KANSAS CITY, Mo. — Lula Lading has lived on Ozark Road in the Eastwood Hills neighborhood in Kansas City, Missouri, for almost 60-years.
She remembers looking out the window and seeing Kansas City's Municipal Farm, but since, a lot has changed since.
"It needs to be shaped down and fixed," Lading said. "They don't take care of it over there at all. They don't take care of it."
The city could address that soon by installing pallet shelters for the unhoused at the site.
KCMO councilwoman Melissa Robinson recently introduced a resolution asking the city manager to draft a plan on what it would like and how to make it happen
"I’m not really in favor of it let's say," Lading said. "I have grandkids, great grandkids and I just prefer to have it the way it is — quiet and peaceful."

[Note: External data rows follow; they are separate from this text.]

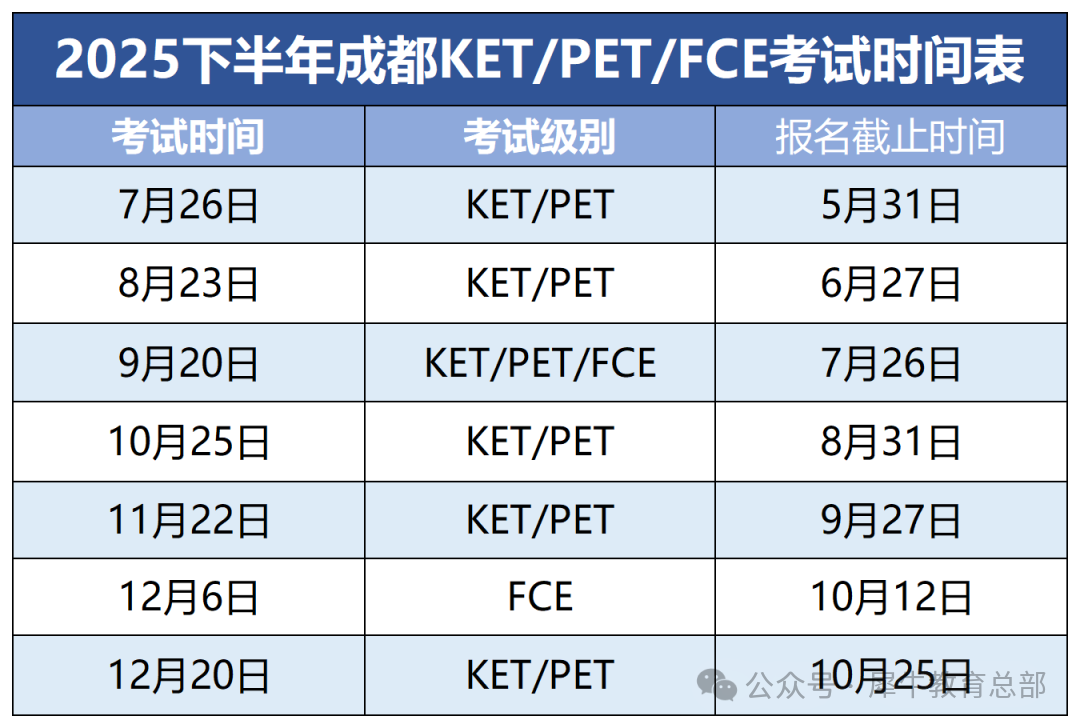 KET培训
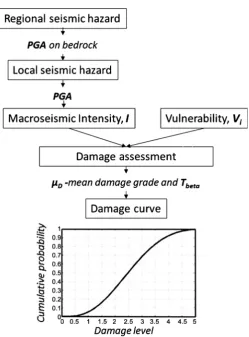 Figure 2. General methodology and modulus in Armagedom software for seismic dam-age calculation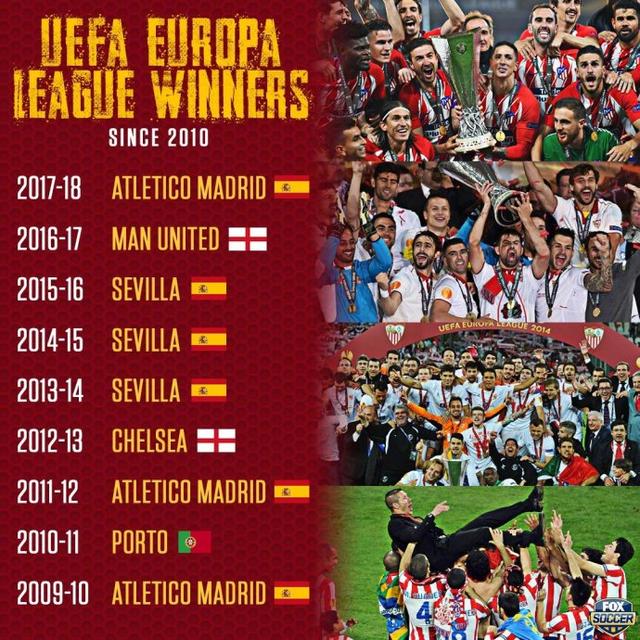 北京时间11点足坛快讯:欧联杯历届冠军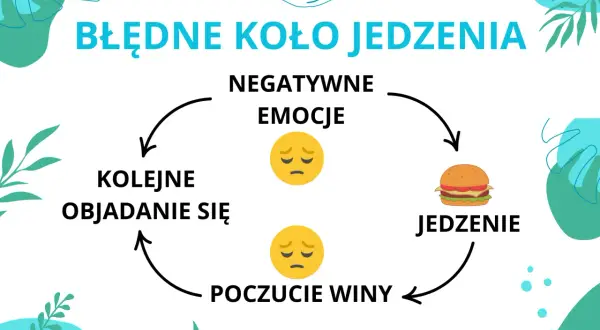 Błędne koło jedzenia: negatywne emocje prowadzą do jedzenia, potem poczucie winy, a następnie kolejne kompulsywne objadanie się.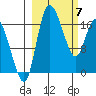 Snag Point tide chart for Friday, March 7, 2025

So do dozens of others who live in Eastwood Hills, residents packed the community center Tuesday night to have their questions answered by the city.
"Of course I see the need, but also if you drive down, especially in our neighborhood, talk about dumping and trash," Taryn Kelly a real estate agent said. "Unfortunately, with the houseless it causes more."
Some worry the site doesn't have the infrastructure like sidewalks or reliable mass transit to support those staying at the pallet homes.
The deputy city manager told the audience that while the city has looked at other locations to put the pallet shelter, this is the only one they're actively vetting.
"What you're seeing right now with people just out in the streets, in under bridges and in what living in their cars. There's no accountability there," Kimiko Black Gilmore, the KCMO Deputy City Manager said. "They're doing the best that they can. This is not that. We are not creating just a tent city."
Although the city put down a $200,000 down payment for the 65 pallet shelters last June, finding a place for them has turned into a political hot potato.
Some people hope it can stop being one.
"I live down the street and it's the first place I've gotten on my own since I was homeless, and I love my home and I love this neighborhood," Tiffany Buckley, a Eastwood Hills resident said. "And I know that we can work together on the solution."
The resolution is on hold at City Hall, but it may be discussed in the next two weeks.